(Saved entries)
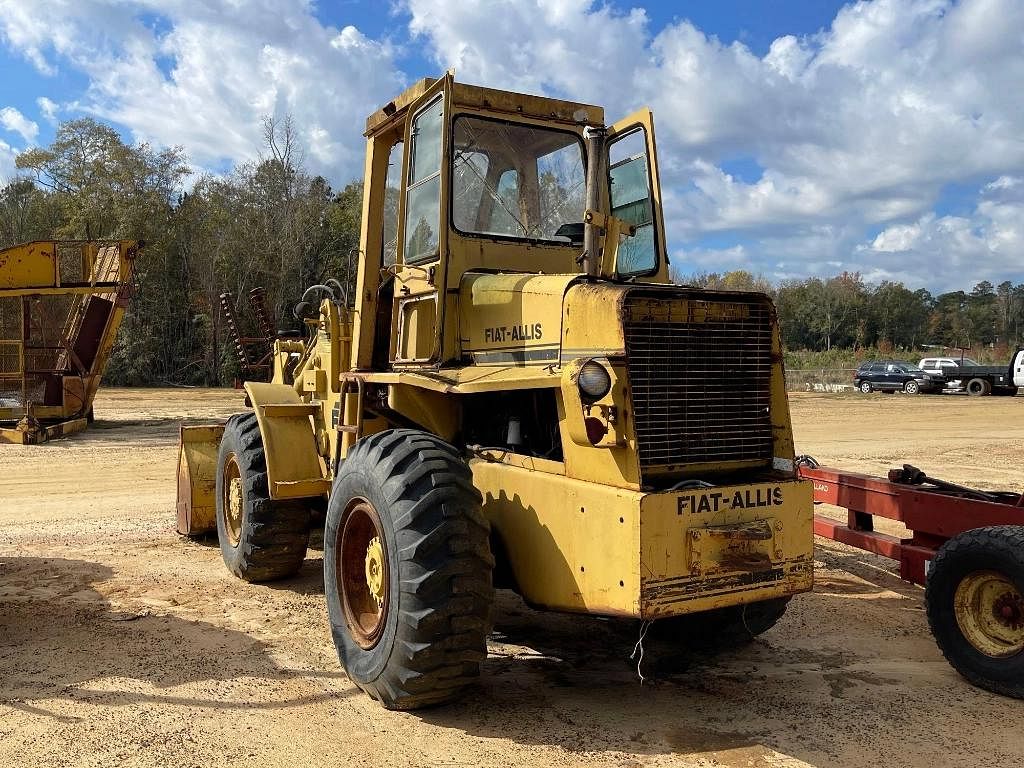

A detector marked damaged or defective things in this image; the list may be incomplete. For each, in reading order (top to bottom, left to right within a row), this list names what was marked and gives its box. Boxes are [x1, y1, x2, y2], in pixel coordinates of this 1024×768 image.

rusty wheel rim [220, 454, 243, 548]
rusty wheel rim [337, 499, 389, 651]
rusty wheel rim [950, 573, 1024, 663]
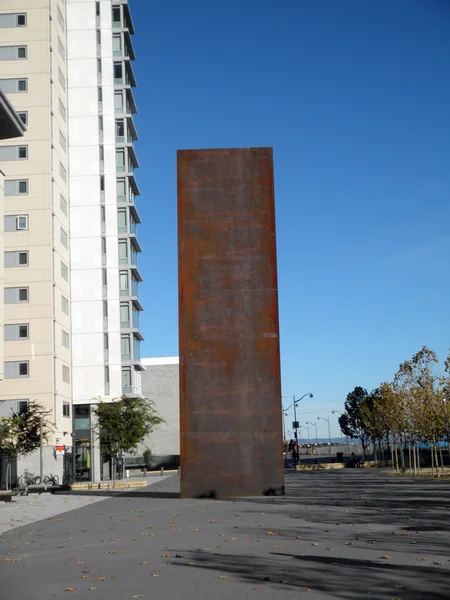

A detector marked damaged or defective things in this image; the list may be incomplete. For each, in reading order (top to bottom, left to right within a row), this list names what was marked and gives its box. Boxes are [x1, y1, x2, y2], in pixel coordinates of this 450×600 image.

rusty steel sculpture [178, 146, 284, 496]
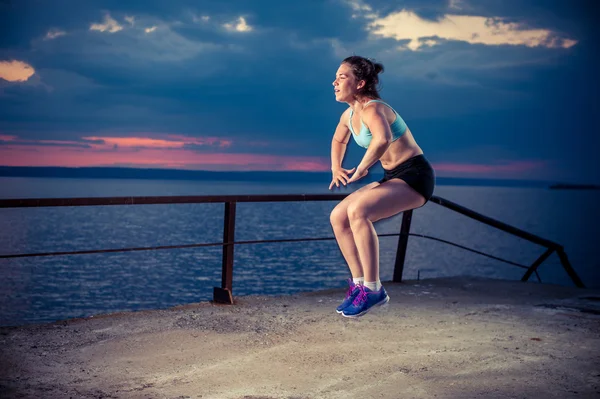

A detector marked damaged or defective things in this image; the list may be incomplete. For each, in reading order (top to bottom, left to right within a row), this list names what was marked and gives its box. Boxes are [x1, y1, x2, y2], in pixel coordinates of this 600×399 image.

• **Work required**
Skip the images and restate each record above word for word.

• **Task result**
A detector marked damaged or defective things in this image; the list may be incomplete. For each, in reading order (top to bottom, left to right within a row), this list names what was marked and gives its box. Boxes are [x1, y1, x2, y2], in pixel coordinates of this 1024×768 image.

rusty wheel rim [220, 454, 243, 548]
rusty wheel rim [337, 499, 389, 651]
rusty wheel rim [950, 573, 1024, 663]

A detector marked damaged or defective things in this image; the list may be incomplete. For each, in reading order (top to bottom, left to right within a row), this list names what was marked and gives its box. Boxes are [x1, y1, x2, y2], in pixel coordinates of this 450×600 image.

rusty steel sculpture [178, 146, 284, 496]

A detector marked damaged or defective things in this image; the list may be incomplete. For each, in reading order (top to bottom, left to right within a row), this list names what was marked and gives its box. Boxes are [x1, y1, x2, y2], in pixel coordinates of this 600×399 image.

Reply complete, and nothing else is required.